• _What is required_
Repeat nothing but the lines below running from the one containing "Chemise en coton" to the one containing "Puma Carina 2.0". Keep both end lines.

[Dataset excerpts]
※ ※ ※
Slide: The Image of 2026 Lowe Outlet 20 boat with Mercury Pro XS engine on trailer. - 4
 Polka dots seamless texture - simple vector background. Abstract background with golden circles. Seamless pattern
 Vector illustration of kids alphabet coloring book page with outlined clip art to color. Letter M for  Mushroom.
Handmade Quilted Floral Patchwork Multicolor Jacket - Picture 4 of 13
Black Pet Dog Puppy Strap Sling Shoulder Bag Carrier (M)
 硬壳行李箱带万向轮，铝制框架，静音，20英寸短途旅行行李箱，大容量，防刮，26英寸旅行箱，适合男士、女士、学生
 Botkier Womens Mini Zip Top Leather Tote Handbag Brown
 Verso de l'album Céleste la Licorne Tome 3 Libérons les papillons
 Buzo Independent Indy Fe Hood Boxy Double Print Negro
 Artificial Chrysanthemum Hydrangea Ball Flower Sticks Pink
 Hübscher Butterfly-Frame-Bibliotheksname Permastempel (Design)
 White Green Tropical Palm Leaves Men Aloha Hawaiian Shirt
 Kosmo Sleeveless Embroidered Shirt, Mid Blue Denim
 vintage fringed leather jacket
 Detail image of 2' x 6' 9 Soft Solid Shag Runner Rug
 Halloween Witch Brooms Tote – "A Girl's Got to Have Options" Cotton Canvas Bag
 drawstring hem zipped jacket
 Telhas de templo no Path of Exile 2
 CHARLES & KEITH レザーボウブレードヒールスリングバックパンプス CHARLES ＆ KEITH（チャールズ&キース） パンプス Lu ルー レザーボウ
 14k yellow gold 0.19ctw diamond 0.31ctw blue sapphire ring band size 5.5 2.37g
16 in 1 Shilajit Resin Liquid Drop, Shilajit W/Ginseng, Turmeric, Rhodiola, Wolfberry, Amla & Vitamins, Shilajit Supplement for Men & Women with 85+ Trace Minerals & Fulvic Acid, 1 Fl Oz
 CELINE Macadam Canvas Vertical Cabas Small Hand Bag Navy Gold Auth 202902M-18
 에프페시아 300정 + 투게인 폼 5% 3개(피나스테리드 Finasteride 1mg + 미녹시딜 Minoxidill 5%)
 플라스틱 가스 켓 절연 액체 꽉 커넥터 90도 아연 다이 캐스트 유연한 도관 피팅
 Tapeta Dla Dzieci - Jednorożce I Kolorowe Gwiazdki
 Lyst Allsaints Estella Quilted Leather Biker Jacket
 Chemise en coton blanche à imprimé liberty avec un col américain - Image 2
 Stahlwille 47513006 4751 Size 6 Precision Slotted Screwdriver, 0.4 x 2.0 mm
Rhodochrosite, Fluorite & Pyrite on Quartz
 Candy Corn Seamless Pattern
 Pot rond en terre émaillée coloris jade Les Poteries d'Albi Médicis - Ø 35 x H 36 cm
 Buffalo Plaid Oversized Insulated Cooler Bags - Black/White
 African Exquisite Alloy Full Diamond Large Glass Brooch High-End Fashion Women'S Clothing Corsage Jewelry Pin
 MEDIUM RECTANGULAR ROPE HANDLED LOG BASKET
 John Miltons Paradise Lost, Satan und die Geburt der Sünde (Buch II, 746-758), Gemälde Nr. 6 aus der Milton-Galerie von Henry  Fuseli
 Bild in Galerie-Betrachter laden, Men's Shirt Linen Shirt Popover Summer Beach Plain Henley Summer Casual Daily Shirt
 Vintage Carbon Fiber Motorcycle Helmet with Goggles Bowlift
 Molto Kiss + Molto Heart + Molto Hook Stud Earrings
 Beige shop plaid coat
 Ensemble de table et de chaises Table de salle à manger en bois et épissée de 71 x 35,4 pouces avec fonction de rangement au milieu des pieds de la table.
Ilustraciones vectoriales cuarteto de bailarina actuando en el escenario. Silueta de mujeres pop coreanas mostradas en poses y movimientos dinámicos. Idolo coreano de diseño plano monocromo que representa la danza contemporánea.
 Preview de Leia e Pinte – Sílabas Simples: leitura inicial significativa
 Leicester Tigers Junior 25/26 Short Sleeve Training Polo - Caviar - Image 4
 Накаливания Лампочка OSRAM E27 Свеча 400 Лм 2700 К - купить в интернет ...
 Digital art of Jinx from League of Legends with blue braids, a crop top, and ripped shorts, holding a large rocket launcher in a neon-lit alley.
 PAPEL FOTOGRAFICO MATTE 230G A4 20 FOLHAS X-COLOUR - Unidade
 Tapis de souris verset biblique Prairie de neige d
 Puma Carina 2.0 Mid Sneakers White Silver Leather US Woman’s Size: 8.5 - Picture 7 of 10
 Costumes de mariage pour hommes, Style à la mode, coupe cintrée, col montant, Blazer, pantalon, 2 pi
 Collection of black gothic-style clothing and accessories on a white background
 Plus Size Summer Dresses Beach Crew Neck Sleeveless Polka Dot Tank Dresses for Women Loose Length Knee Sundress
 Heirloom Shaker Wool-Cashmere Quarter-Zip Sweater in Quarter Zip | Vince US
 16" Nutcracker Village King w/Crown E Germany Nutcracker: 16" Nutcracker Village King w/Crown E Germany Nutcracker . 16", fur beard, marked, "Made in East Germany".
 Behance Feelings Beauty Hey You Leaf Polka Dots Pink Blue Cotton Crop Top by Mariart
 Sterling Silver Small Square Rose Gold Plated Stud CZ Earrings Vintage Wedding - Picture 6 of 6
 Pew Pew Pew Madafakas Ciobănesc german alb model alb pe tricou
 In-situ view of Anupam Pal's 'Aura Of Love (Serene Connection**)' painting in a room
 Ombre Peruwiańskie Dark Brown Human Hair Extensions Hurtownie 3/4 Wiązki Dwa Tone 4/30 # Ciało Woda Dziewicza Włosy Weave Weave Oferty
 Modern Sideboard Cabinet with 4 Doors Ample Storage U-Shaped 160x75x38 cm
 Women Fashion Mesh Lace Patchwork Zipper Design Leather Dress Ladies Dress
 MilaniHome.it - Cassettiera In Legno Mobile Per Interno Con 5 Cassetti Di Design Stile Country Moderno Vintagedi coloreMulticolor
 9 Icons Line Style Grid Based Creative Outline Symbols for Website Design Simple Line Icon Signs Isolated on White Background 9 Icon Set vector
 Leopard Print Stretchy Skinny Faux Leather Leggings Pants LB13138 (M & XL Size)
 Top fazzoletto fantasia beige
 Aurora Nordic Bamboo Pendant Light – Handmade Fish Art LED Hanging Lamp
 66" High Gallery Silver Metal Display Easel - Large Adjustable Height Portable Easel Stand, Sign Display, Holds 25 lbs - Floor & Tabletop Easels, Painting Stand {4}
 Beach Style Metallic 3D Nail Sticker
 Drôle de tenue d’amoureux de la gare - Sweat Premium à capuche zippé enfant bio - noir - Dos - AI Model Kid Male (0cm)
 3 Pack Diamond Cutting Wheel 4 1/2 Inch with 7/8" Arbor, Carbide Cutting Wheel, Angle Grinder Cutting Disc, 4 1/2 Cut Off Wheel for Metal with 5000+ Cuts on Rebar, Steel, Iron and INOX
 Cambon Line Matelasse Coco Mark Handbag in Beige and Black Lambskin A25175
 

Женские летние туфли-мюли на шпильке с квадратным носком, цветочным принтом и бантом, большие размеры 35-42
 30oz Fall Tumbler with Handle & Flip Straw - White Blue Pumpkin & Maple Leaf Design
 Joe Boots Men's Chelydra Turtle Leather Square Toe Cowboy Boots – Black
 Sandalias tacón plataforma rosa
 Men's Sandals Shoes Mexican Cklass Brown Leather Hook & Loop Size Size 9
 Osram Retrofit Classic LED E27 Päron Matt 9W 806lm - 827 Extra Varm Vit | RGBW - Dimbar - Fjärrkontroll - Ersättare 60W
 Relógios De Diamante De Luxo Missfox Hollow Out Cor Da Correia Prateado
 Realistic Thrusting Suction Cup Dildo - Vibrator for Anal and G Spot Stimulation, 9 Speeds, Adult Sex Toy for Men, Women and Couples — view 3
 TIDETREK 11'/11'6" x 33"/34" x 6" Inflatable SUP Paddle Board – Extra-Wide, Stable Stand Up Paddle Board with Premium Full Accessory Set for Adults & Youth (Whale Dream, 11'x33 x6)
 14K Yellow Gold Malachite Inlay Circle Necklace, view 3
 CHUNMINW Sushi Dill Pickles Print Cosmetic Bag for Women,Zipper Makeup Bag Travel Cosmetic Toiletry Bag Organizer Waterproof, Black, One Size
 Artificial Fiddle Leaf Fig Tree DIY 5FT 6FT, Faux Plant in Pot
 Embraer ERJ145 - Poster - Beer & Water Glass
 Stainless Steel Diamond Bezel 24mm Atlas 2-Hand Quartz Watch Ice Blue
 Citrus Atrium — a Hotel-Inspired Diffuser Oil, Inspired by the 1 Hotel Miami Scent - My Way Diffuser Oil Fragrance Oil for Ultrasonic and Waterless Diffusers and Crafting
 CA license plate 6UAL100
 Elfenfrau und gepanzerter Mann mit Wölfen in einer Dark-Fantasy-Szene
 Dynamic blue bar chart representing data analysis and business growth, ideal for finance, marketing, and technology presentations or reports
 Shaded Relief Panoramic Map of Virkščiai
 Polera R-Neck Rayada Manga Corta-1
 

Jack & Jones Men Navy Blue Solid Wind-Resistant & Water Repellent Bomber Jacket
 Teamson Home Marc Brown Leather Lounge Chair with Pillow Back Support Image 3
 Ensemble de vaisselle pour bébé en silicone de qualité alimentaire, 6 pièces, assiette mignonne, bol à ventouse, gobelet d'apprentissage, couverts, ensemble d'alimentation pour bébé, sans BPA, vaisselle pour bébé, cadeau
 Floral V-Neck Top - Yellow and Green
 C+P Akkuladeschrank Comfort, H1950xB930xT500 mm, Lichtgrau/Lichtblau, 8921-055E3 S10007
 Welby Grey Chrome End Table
※ ※ ※
• _Finished exercise_
 Chemise en coton blanche à imprimé liberty avec un col américain - Image 2
 Stahlwille 47513006 4751 Size 6 Precision Slotted Screwdriver, 0.4 x 2.0 mm
Rhodochrosite, Fluorite & Pyrite on Quartz
 Candy Corn Seamless Pattern
 Pot rond en terre émaillée coloris jade Les Poteries d'Albi Médicis - Ø 35 x H 36 cm
 Buffalo Plaid Oversized Insulated Cooler Bags - Black/White
 African Exquisite Alloy Full Diamond Large Glass Brooch High-End Fashion Women'S Clothing Corsage Jewelry Pin
 MEDIUM RECTANGULAR ROPE HANDLED LOG BASKET
 John Miltons Paradise Lost, Satan und die Geburt der Sünde (Buch II, 746-758), Gemälde Nr. 6 aus der Milton-Galerie von Henry  Fuseli
 Bild in Galerie-Betrachter laden, Men's Shirt Linen Shirt Popover Summer Beach Plain Henley Summer Casual Daily Shirt
 Vintage Carbon Fiber Motorcycle Helmet with Goggles Bowlift
 Molto Kiss + Molto Heart + Molto Hook Stud Earrings
 Beige shop plaid coat
 Ensemble de table et de chaises Table de salle à manger en bois et épissée de 71 x 35,4 pouces avec fonction de rangement au milieu des pieds de la table.
Ilustraciones vectoriales cuarteto de bailarina actuando en el escenario. Silueta de mujeres pop coreanas mostradas en poses y movimientos dinámicos. Idolo coreano de diseño plano monocromo que representa la danza contemporánea.
 Preview de Leia e Pinte – Sílabas Simples: leitura inicial significativa
 Leicester Tigers Junior 25/26 Short Sleeve Training Polo - Caviar - Image 4
 Накаливания Лампочка OSRAM E27 Свеча 400 Лм 2700 К - купить в интернет ...
 Digital art of Jinx from League of Legends with blue braids, a crop top, and ripped shorts, holding a large rocket launcher in a neon-lit alley.
 PAPEL FOTOGRAFICO MATTE 230G A4 20 FOLHAS X-COLOUR - Unidade
 Tapis de souris verset biblique Prairie de neige d
 Puma Carina 2.0 Mid Sneakers White Silver Leather US Woman’s Size: 8.5 - Picture 7 of 10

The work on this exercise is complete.